Позавчера я услышал, что он скончался…

— Наконец-то, — воскликнул я, — он займет свое место в литературе.

Радость была преждевременна. Но я думаю, долго нам не придется ждать…»

Там же, на 75-й странице, рисунок: могила с крестом… Могильная ограда, за которой торчит черное голое дерево с гнездом на вершине. А в гнезде — Пегас…

Одинокий Олежка Григорьев сигнальный коробок в мое окно бросал гораздо чаще семейного Голявкина. Григорьев тоже начинал как художник, прилично рисовал, лепил и раскрашивал маски, учился в средней художественной школе (СХШ) при Академии художеств. Вместе с даровитым Эдуардом Зелениным был отчислен из этого заведения за треклятую «левизну» и насмешливость. Иронический дар у Олега Григорьева был поэтичнее и даже как бы отчетливее голявкинского, но и — дурашливее последнего. Его книжка стихов и коротких прозаических, в пять-шесть строчек, историй «Чудаки» была подлинным событием в литературном Ленинграде, а затем и в Москве.

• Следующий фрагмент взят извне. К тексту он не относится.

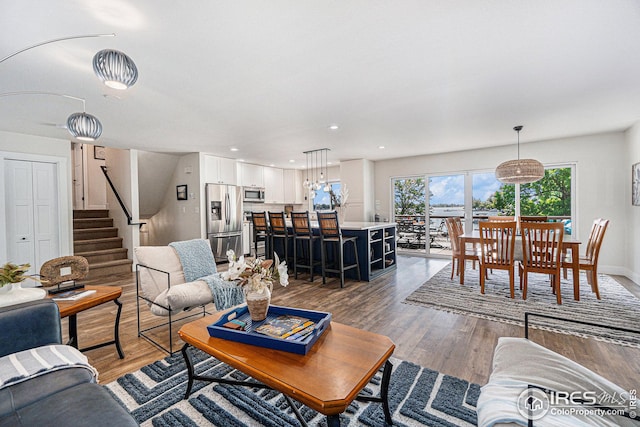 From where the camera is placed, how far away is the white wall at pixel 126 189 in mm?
5586

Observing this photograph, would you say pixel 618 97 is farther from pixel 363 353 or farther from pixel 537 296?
pixel 363 353

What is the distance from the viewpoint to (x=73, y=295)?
2043 millimetres

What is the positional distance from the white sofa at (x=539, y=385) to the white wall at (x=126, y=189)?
246 inches

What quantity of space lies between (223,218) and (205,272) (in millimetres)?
3596

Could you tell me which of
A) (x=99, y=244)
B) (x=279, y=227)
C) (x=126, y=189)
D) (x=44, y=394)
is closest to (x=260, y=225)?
(x=279, y=227)

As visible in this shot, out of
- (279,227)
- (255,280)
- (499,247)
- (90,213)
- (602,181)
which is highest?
(602,181)

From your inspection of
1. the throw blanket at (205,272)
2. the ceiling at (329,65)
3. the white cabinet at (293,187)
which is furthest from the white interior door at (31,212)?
the white cabinet at (293,187)

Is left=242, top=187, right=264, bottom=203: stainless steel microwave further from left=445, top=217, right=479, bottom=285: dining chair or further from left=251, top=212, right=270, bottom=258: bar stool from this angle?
left=445, top=217, right=479, bottom=285: dining chair

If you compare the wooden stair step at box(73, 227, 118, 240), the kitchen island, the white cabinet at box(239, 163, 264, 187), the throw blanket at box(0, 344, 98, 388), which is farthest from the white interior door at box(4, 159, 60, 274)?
the throw blanket at box(0, 344, 98, 388)

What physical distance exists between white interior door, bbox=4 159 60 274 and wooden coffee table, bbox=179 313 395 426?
4.62 meters

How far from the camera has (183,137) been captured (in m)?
4.66

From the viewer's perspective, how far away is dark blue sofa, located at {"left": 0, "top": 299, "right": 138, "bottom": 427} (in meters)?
0.99

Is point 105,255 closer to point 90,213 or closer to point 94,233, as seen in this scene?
point 94,233

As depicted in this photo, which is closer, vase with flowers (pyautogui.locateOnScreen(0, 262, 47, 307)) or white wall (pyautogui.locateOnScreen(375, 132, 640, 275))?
vase with flowers (pyautogui.locateOnScreen(0, 262, 47, 307)) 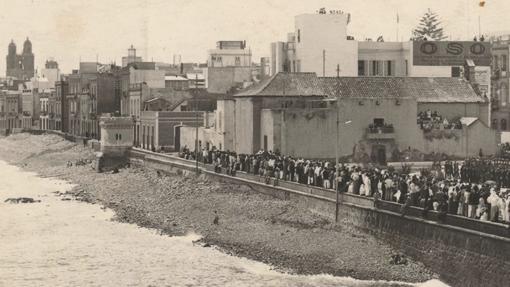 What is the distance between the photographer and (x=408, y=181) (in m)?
32.2

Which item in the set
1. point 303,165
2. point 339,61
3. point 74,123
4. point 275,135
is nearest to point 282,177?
point 303,165

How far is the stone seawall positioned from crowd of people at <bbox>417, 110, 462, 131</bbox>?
19.2 m

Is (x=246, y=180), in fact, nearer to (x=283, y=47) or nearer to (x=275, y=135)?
(x=275, y=135)

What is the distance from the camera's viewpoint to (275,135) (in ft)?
166

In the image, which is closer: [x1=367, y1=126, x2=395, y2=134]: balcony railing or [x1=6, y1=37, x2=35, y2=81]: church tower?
[x1=367, y1=126, x2=395, y2=134]: balcony railing

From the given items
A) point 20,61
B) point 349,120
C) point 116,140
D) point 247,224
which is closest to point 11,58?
point 20,61

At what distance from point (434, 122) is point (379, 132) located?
4.77m

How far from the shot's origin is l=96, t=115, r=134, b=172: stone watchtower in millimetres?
69250

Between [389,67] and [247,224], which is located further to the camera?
[389,67]

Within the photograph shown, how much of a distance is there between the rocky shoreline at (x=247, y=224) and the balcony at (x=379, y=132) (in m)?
11.4

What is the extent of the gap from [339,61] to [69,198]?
26.9 meters

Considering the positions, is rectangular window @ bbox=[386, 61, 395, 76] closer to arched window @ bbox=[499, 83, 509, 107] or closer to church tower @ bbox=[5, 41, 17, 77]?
arched window @ bbox=[499, 83, 509, 107]

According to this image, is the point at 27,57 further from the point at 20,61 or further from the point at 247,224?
the point at 247,224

Спрашивается, почему тогда — «загубленный талант»? А именно так судят об Олеге многие из тех, кто знал его в конце пятидесятых. Роковое стечение обстоятельств? Определенная жидконогость натуры? Не без этого. Оглядываясь и оценивая, необходимо нам сыскать виновного. Чтобы успокоиться. Чтобы при случае отпарировать: ну, знаете ли, мы-то тут при чем? А мы-то, оказывается, еще как «при чем»! Среди нас, уцелевших, звездочка-то едва не погасла, в нашем молчаливом окружении. Наблюдали, как гасла, и ничего не смогли предпринять существенного. Вздыхали, ахали, суетились даже — «по поводу». Однако — не помогли, не спасли. И я в том числе. И на моей совести сия печаль. К тому же успокаивал обманно-веселый, искристый дурашливый свет, который до поры до времени излучала эта звездочка: чтобы такой завзятый юморист отчаялся — да ни в жисть! Попивал Олежка водочку? Так и мы попивали. Только мы вот — бросили, завязали с божьей помощью, а патентованному весельчаку в той помощи было отказано. А затем и вовсе невероятное событие стряслось: в один из треклятых дней постучался Олежка в стандартную, типовую дверь в новостройках, рассчитывая попасть к приятелю, и… промахнулся, не к приятелю попал, а к врагу, к злым незнакомым людям (эффект неразличимости входных дверей), к людям, у которых имелись свои неприятности, свои проблемы. Эти «не свои» люди, предварительно избив пришельца, а также исцарапав себе физиономии ногтями, вызвали милицию, составили акт на «хулиганские действия» незваного гостя, и поехал Олежка в места не столь отдаленные. И оказалось, что далеко не все в нашем светлом обществе в ладах с юмором, не все склонны иронизировать и умиляться чудачествами взрослого ребенка. Детям его улыбчивые стихи были понятны и приносили радость. Взрослые распорядились иначе. Еще в конце шестидесятых пришли мы с женой Светланой как-то в трущобную коммуналку, где в узкой комнатушке-кишочке, увешанной ироническими масками и рисунками, ютился Олег Григорьев; моя спутница, войдя в эту вертепную комнатушку и разглядев на дне продавленного дивана спящего тяжким, отравленным сном Олежку, неожиданно и совершенно безутешно заплакала, словно предчувствуя печальную участь веселого человека, так и не сумевшего правильно сориентироваться в этом, не всегда улыбчивом, грешном и по-своему обреченном мире.